Nevertheless, energy prices for homeowners have been rising due to the cold spell. Before temperatures plummeted, it was quite easy to pick and choose the best times of the day to run the dishwasher or washing machine and only pay 1 kroner per KWh.
But now, low temperatures combined with low wind speeds have seen hourly rates rise to between 3 and 5 kroner per KWh.
Generally, 21:00-06:00 is a favourable time as prices tend not to exceed 3 kroner per KWh. The best time is usually from 02:00-03:00.
Huge Power-to-X potential
In other energy news, Ørsted and Skovgaard Energy, two power companies involved in renewable energy development, have joined forces to develop a large-scale Power-to-X (PtX) facility in western Denmark.

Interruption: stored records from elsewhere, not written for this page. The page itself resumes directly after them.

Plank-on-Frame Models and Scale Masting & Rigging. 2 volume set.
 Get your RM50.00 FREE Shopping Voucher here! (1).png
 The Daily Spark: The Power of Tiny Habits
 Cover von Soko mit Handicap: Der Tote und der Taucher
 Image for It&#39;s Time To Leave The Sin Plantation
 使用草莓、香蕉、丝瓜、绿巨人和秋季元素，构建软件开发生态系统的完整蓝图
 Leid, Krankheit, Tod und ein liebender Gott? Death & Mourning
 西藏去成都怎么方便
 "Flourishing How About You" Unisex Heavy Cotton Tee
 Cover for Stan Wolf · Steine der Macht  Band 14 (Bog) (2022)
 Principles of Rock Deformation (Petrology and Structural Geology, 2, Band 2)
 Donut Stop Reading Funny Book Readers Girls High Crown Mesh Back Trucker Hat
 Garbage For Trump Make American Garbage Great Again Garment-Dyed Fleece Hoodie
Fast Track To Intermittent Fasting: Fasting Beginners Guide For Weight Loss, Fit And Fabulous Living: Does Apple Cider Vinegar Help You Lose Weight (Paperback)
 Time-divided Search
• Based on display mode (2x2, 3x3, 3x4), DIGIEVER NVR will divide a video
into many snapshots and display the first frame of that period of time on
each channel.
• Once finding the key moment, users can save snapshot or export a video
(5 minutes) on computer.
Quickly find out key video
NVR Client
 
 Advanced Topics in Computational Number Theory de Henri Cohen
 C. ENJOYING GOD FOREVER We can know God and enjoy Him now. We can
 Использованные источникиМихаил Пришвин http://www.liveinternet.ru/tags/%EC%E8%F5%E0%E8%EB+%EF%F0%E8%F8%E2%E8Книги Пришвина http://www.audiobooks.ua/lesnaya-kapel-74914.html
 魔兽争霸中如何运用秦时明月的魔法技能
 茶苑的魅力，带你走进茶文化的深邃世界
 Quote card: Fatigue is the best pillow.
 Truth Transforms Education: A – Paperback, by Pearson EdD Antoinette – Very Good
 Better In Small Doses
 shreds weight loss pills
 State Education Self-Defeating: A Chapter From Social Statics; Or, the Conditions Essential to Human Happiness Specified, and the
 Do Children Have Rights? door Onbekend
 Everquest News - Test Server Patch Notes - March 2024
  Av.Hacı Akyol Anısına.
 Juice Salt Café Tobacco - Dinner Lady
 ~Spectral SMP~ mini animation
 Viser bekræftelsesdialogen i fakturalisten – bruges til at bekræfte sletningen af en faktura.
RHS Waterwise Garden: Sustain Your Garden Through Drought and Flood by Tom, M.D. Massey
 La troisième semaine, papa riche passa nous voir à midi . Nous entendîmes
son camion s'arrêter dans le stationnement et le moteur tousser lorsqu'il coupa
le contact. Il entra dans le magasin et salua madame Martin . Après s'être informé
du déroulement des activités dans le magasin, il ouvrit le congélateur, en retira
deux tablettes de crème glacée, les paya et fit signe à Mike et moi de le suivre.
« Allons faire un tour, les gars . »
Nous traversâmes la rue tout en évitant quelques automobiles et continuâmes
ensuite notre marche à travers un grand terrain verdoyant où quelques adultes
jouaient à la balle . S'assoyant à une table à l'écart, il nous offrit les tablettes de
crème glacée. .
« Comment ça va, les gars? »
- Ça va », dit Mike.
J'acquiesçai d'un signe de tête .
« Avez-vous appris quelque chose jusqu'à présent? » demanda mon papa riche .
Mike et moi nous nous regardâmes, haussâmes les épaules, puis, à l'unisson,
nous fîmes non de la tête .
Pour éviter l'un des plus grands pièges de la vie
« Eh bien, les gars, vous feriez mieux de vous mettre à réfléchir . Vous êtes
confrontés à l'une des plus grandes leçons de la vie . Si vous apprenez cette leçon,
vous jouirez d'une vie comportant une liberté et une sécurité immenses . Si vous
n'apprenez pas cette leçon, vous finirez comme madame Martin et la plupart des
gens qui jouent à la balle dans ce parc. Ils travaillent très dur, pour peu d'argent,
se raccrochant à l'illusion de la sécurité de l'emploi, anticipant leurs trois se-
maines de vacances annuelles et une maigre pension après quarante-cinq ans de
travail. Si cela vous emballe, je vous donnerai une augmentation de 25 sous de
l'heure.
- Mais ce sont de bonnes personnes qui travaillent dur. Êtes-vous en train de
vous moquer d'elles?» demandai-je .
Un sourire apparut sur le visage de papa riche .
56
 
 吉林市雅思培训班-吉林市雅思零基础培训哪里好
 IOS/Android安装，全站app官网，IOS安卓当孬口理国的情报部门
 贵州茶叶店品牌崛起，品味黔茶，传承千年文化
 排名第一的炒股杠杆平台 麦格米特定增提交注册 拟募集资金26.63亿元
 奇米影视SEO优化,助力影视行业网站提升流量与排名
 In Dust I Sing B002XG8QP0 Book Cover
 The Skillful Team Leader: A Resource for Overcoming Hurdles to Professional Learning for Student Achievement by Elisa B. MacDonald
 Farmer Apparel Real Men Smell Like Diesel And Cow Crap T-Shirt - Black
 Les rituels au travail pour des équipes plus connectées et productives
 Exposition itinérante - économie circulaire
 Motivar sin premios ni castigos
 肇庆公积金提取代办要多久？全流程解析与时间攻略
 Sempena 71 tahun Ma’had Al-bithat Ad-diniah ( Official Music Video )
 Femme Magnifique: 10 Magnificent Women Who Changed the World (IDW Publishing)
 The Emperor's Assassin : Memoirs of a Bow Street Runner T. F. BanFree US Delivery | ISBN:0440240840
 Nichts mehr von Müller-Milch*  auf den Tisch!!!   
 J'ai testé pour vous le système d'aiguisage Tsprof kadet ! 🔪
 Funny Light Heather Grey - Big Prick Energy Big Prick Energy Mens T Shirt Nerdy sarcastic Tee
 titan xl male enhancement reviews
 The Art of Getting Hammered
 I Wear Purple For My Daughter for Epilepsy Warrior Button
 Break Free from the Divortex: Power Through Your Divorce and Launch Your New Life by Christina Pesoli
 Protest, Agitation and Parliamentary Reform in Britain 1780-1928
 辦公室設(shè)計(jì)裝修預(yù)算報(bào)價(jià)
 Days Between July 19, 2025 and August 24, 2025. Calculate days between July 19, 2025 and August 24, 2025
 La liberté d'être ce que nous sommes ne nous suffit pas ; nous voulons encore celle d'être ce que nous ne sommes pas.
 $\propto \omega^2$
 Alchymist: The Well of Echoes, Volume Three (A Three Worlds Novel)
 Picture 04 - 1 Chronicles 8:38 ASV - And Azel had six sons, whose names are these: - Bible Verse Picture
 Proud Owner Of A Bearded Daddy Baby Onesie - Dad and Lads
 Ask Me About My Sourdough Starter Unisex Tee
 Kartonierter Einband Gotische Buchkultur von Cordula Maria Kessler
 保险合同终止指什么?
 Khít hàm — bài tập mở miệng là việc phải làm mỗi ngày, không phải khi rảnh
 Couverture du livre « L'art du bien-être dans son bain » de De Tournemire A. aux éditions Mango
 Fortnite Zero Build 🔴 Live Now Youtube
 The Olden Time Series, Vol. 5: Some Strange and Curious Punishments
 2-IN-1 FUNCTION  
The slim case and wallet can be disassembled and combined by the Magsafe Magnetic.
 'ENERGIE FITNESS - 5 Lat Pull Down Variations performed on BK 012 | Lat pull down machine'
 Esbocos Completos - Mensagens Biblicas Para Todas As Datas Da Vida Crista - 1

The project, which will be located in Idomlund, is expected to be the landfall for parts of the huge offshore wind expansion taking place in the North Sea.
The project has the potential to become Europe’s largest PtX facility, as it is expected to produce 65 GW by 2030 and at least 150 GW by 2050.
Danish Energy Agency to allow CO2 storage project
There are a few other energy projects on the horizon in Denmark as well.
A Greensand pilot project is aiming to inject and store up to 15,000 tonnes of CO2 in the former Nini West oil field in the North Sea.
A project permit, which has been approved by the Danish Energy Agency, is set to run until April 1.
Aalborg Portland seeks emission cuts
Additionally, Aalborg Portland has unveiled a pilot project involving plans to capture CO2 via a new plant.
The country’s biggest CO2 emitter is working hard to reduce its carbon emissions, and it has formulated a goal to decrease emissions by 70 percent by 2030.
According to Aalborg Portland CEO, Michael Lundgaard Thomsen, the new plant will cost billions of kroner, but could capture around 400,000 tonnes of CO2 annually by 2030.